Картины были повсюду, и не увидеть их было нельзя. Под низким потолком висела одна – очень темная, написанная на доске. «Завтрак», «Обед» ли назвать её, в общем, не важно: ничего из еды, кроме зажаренного вверх ножками поросенка, не изображалось на этой картине, да и поросеночек не покоился на столе в своей глубокой посудине, а витал с ней заодно, как мечта. Вокруг стола сидели люди и в каком-то цепном единодушии сообщались между собой, но поросенка это мало касалось. Он был сам по себе – в одиночестве, а они сами по себе – в коллективе. «Они жрут друг друга», - пояснил Художник, и все вопросы относительно «мечты» отпадали.
«Где теперь эта Мастерская?» - «Её сдали в аренду, а Художнику его же собратья по цеху объявили: «Считайте, что вас тут не было». Обычно подобное говорят, намекая на призрачность человеческих отношений, но Художник понял глубже. «Где картины?» - «В Хьюстоне, в частном музее» - «Где сам Художник, открыватель новых смыслов?» - «Здесь, в столице. Шлифует стекла, как Спиноза, и размышляет о жизни».
«Шлифует стекла» не следует понимать так прямо, все в какой-то степени шлифуют, только одним удается стать Спинозой, а другим – нет.
В тот день, о котором речь, наша с Лялечкой частная жизнь проходила на фоне взрыва в метро, а взрыв совершился на фоне неостановимой чеченской войны и был её отголоском. Вышло так, что нам понадобилось проехать злосчастной подземной дорогой, едва её привели в порядок после террористического акта. Лялечку затребовали в гости на домашнее торжество. Она давно уже превратилась в такую дежурную посетительницу вроде штатной визитерши или достопамятного свадебного генерала.
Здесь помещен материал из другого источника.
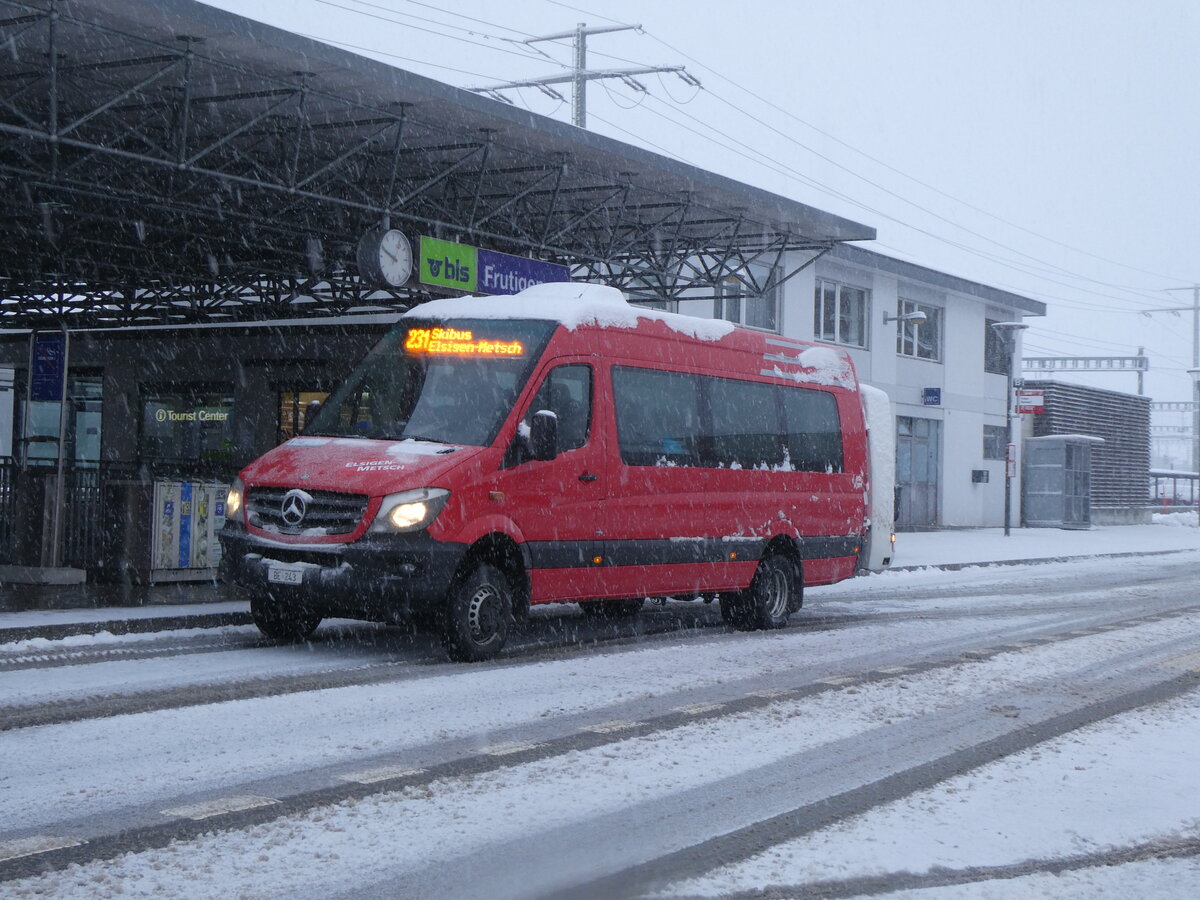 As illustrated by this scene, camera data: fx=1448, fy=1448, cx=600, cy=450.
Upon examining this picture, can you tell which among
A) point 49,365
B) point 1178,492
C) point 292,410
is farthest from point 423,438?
point 1178,492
Именины, поминки, годовщины свадеб, смертей, дни рождения, юбилеи, отпевания, похороны, литературные и музыкальные вечера, поэтические встречи, презентации, конференции, приятельские посиделки – вот колея, по которой она моталась. Нельзя сказать, чтобы всё это ей очень нравилось, но, как многие меланхолики, она оживлялась на людях, кроме того, внутренние обязанности требовали приложения. И всё-таки… что-то в этом мельканье грело её, влекло в круговерть. Не исключено, что так она поддерживала свою душевную форму и состояние «на плаву». Еще недавно она писала стихи, но что-то случилось, стихи ушли, а поэтом она всё равно осталась. Рифмы еще настигали её, но некогда было посвящать им себя. Прежде она садилась за стол, чтобы удержать строки, которые рождались в голове, а теперь… Вид стола, заставленного посудой, коробками, банками, склянками, даже не действовал на нервы. Всё давно поменялось местами и в душе и в квартире. Разве кошки и привязывали её к дому.
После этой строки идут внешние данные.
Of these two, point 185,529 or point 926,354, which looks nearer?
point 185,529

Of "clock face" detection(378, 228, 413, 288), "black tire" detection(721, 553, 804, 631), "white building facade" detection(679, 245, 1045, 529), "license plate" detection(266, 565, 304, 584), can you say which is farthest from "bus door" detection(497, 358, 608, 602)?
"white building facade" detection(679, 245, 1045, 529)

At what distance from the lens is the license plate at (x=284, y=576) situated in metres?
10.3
Параллельно стихам шли переводы с других языков, она была неплохим переводчиком самой разной поэзии: польской, английской, норвежской. Но и тут начались осложнения. Заказов делалось меньше, а работать в свое удовольствие?.. как-то не получалось: надо было зарабатывать на жизнь. Тишина стала ненужной, и, едва раздавался телефонный звонок с очередным приглашением, она срывалась, готовая бежать хоть на край света. Знакомые, не слишком церемонные и прежде, теперь вовсе распоясались - теребили с утра до вечера и с вечера до утра.
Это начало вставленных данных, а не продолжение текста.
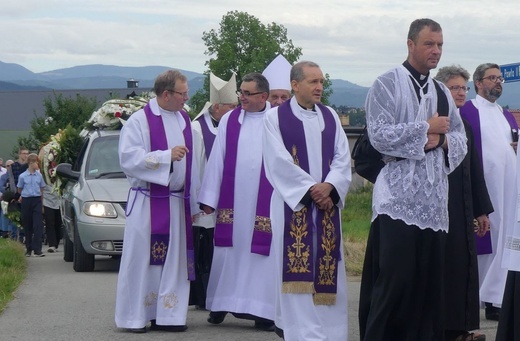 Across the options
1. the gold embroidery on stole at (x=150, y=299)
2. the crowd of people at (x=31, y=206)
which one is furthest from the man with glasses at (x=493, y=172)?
the crowd of people at (x=31, y=206)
Лялечка редко приходила с пустыми руками. Дорогие кондитерские наборы, книги, цветы или просто что-нибудь симпатичное к чаю – всё это с детской улыбкой, как-то мило, без шума. Худощавая, бледная, с простыми русыми волосами, она появлялась из-за дверей, из какого-то рассеянного полумрака, снимала свои особенные пиджачки или курточки, они нередко казались с чужого плеча, оставляла в передней обувку, тоже видавшую виды, и незаметно, покладисто, без усилий ступала вперед, устраивалась в комнате около света и с этим светом сливалась. Очарование беззаботности исходило от неё в такие минуты, его не все замечали, но все желали его испытать. Если в доме были четвероногие, им тоже перепадало что-нибудь вкусное с хрустом, бесподобно пахучее. Уходя, она часто прихватывала какую-нибудь хозяйскую вещь - покупала для вида, чтобы выручить человека. Вещь не стоила доброго слова и потом дома у неё валялась без дела, пополняя гору подобных же свертков. Часто после таких визитов Лялечка сидела без гроша, пока кто-нибудь, в свою очередь, не выручал и её. А если сердобольных не находилось, она несла фамильное серебро в ломбард, закладывала и получала денежки, которые сразу же уплывали. Либо по старой дорожке, либо их просто-напросто отнимали. Она была находкой для трех категорий людей: карманников, нахлебников и писателей. Карманники и нахлебники как более ловкие и настырные обирали её постоянно: своим отвлеченным взглядом да и всем видом какой-то ускользающей незлобивости она словно приманивала, подворачиваясь на пути, воры просто не владели собой, встречая такого клиента. Они з а п а д а л и. Их руки начинали действовать сами собой и, бывало, сами собой оставляли мелкие деньги: на проезд ли, на хлеб? – непонятно.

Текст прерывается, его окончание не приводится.